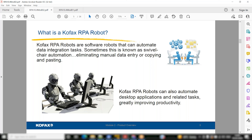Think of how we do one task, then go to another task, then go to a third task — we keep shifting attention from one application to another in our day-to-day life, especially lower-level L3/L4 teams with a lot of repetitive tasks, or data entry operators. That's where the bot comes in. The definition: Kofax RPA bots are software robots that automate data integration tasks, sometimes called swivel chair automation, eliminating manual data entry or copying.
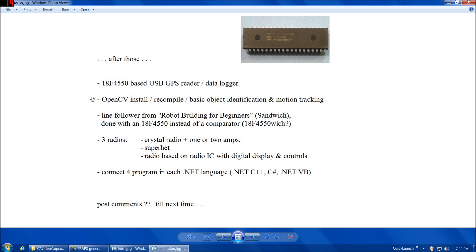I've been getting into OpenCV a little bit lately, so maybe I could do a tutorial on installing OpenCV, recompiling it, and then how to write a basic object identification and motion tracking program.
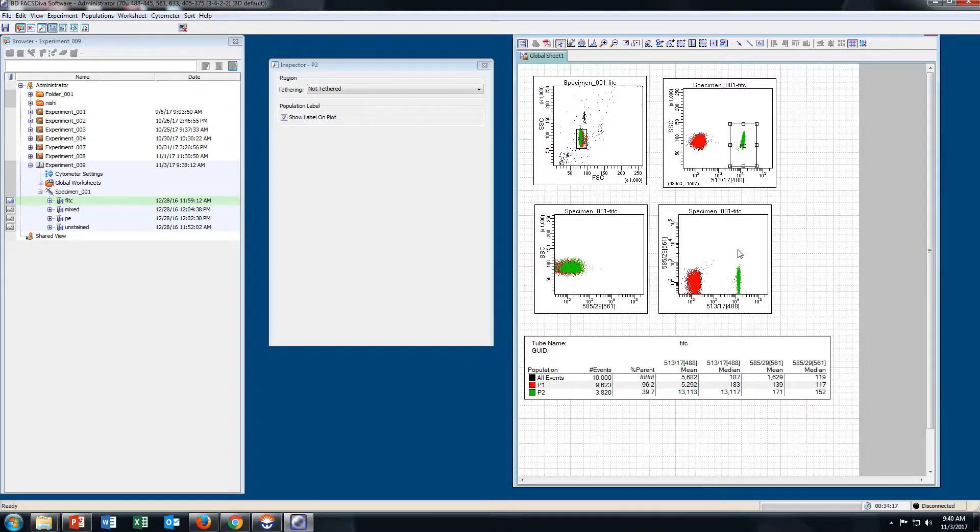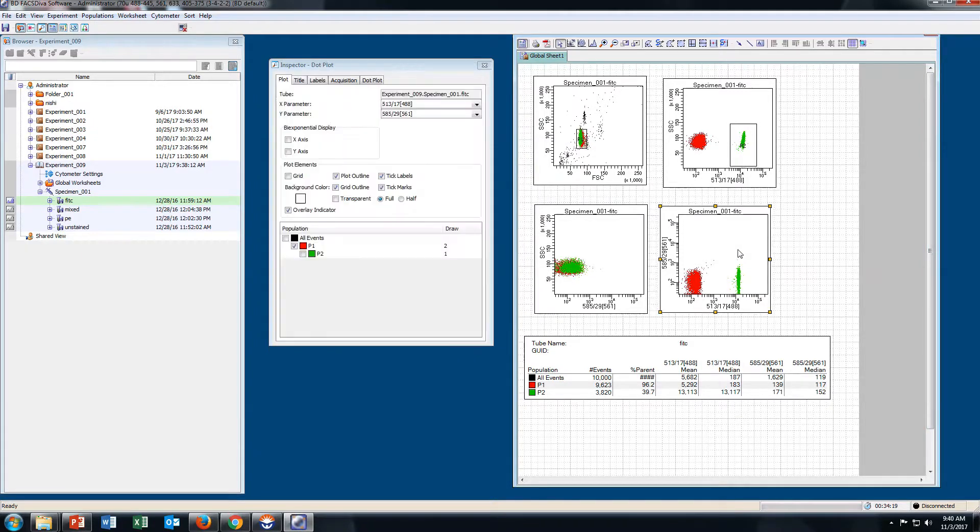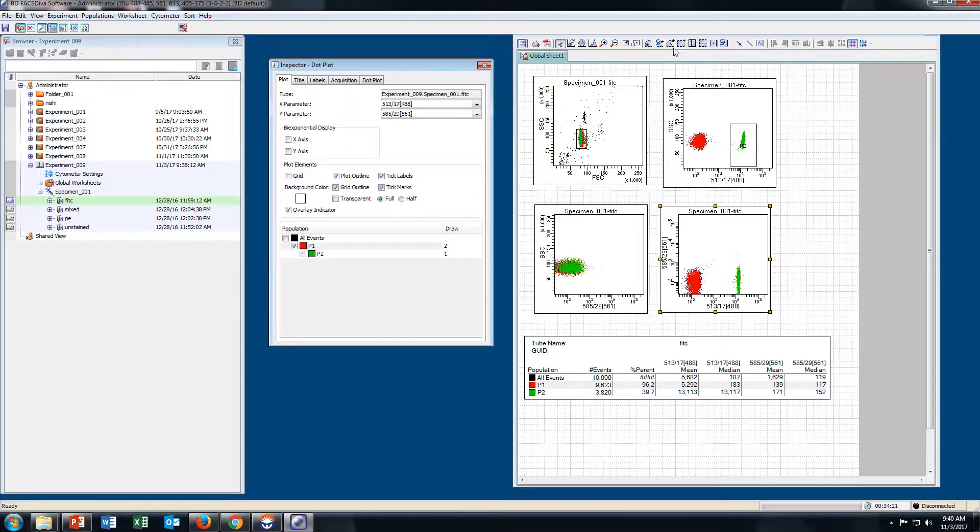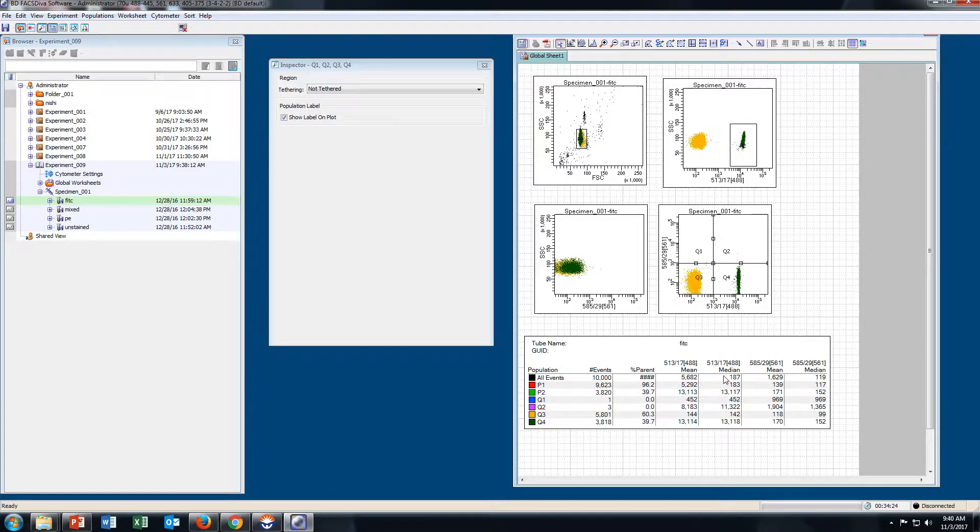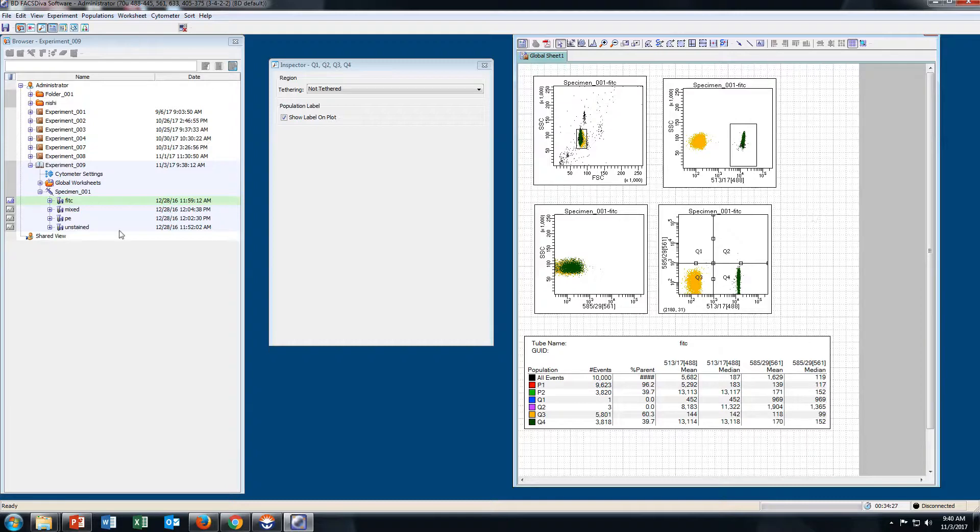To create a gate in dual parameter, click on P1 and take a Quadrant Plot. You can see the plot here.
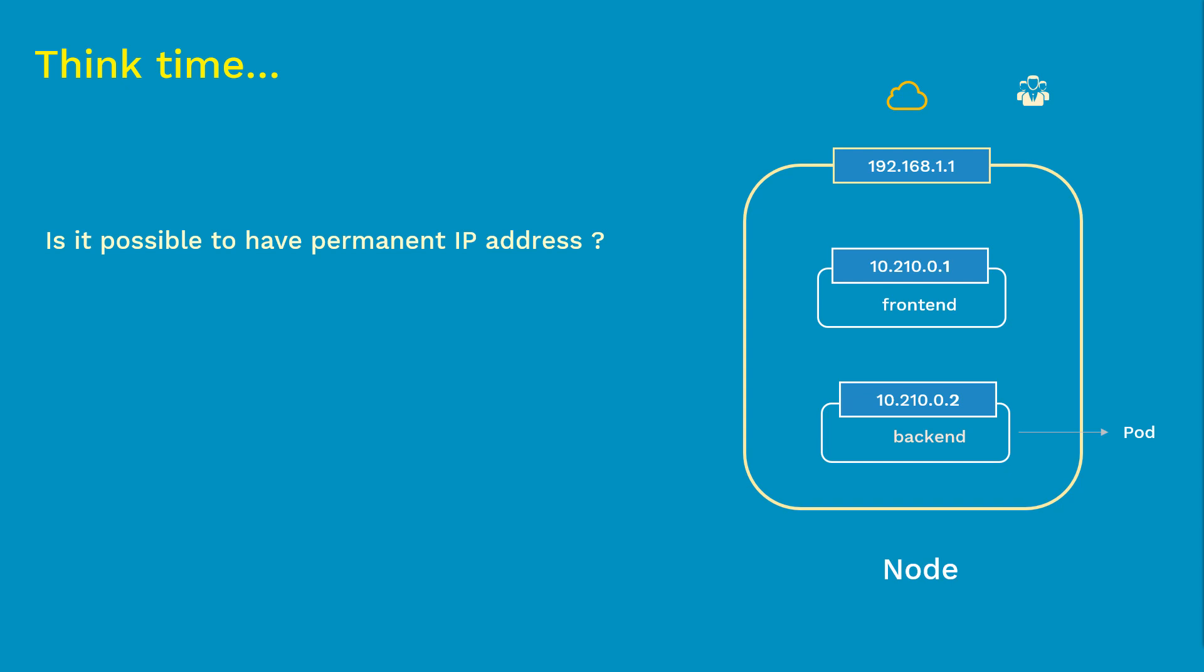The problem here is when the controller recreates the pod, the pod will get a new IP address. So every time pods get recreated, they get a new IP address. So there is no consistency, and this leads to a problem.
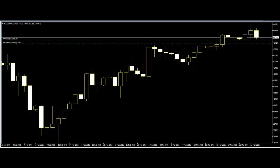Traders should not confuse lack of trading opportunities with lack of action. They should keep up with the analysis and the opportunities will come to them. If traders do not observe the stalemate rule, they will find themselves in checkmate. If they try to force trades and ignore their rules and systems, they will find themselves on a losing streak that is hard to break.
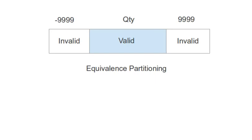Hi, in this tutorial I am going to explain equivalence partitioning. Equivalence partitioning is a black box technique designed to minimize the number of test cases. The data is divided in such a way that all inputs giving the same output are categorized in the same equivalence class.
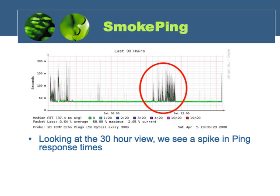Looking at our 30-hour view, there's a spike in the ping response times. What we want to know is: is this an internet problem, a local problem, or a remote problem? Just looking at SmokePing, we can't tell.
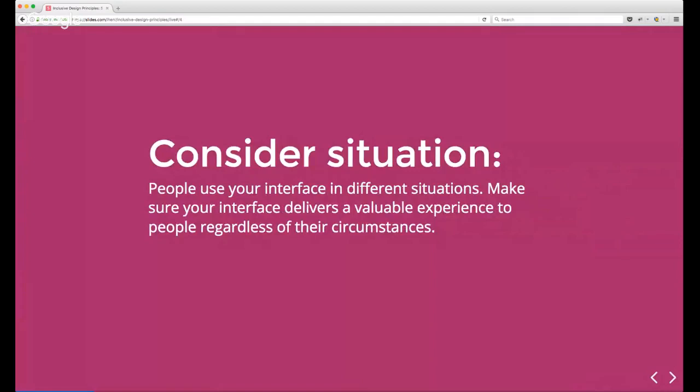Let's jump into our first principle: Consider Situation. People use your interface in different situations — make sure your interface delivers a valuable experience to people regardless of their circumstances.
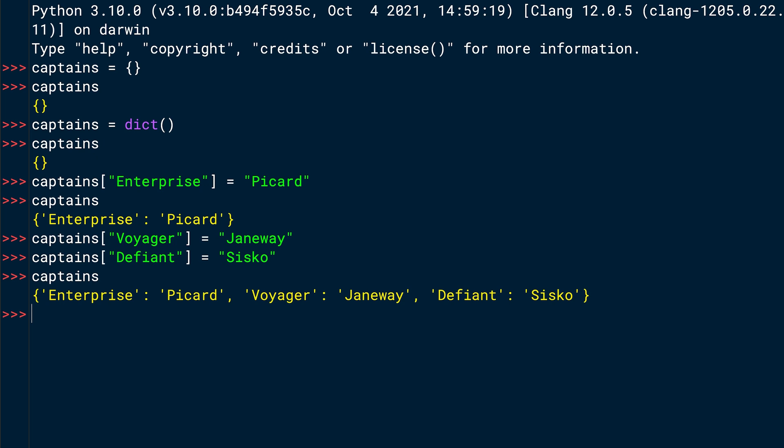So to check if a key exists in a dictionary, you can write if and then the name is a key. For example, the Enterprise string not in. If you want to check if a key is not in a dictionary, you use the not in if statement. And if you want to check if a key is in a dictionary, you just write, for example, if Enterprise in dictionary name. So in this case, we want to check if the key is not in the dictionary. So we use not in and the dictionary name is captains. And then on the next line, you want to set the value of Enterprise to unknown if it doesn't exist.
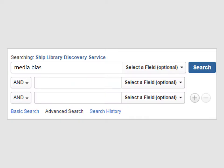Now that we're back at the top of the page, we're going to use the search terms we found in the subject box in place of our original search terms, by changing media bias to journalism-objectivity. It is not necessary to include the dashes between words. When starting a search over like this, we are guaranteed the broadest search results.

--

-- TASK DIRECTIONS --
Set down each record above exactly as it stands and leave out all pictures.

-- SOLUTION --
Think of how we do one task, then go to another task, then go to a third task — we keep shifting attention from one application to another in our day-to-day life, especially lower-level L3/L4 teams with a lot of repetitive tasks, or data entry operators. That's where the bot comes in. The definition: Kofax RPA bots are software robots that automate data integration tasks, sometimes called swivel chair automation, eliminating manual data entry or copying.
I've been getting into OpenCV a little bit lately, so maybe I could do a tutorial on installing OpenCV, recompiling it, and then how to write a basic object identification and motion tracking program.
To create a gate in dual parameter, click on P1 and take a Quadrant Plot. You can see the plot here.
The problem here is when the controller recreates the pod, the pod will get a new IP address. So every time pods get recreated, they get a new IP address. So there is no consistency, and this leads to a problem.
Traders should not confuse lack of trading opportunities with lack of action. They should keep up with the analysis and the opportunities will come to them. If traders do not observe the stalemate rule, they will find themselves in checkmate. If they try to force trades and ignore their rules and systems, they will find themselves on a losing streak that is hard to break.
Hi, in this tutorial I am going to explain equivalence partitioning. Equivalence partitioning is a black box technique designed to minimize the number of test cases. The data is divided in such a way that all inputs giving the same output are categorized in the same equivalence class.
Looking at our 30-hour view, there's a spike in the ping response times. What we want to know is: is this an internet problem, a local problem, or a remote problem? Just looking at SmokePing, we can't tell.
Let's jump into our first principle: Consider Situation. People use your interface in different situations — make sure your interface delivers a valuable experience to people regardless of their circumstances.
So to check if a key exists in a dictionary, you can write if and then the name is a key. For example, the Enterprise string not in. If you want to check if a key is not in a dictionary, you use the not in if statement. And if you want to check if a key is in a dictionary, you just write, for example, if Enterprise in dictionary name. So in this case, we want to check if the key is not in the dictionary. So we use not in and the dictionary name is captains. And then on the next line, you want to set the value of Enterprise to unknown if it doesn't exist.
Now that we're back at the top of the page, we're going to use the search terms we found in the subject box in place of our original search terms, by changing media bias to journalism-objectivity. It is not necessary to include the dashes between words. When starting a search over like this, we are guaranteed the broadest search results.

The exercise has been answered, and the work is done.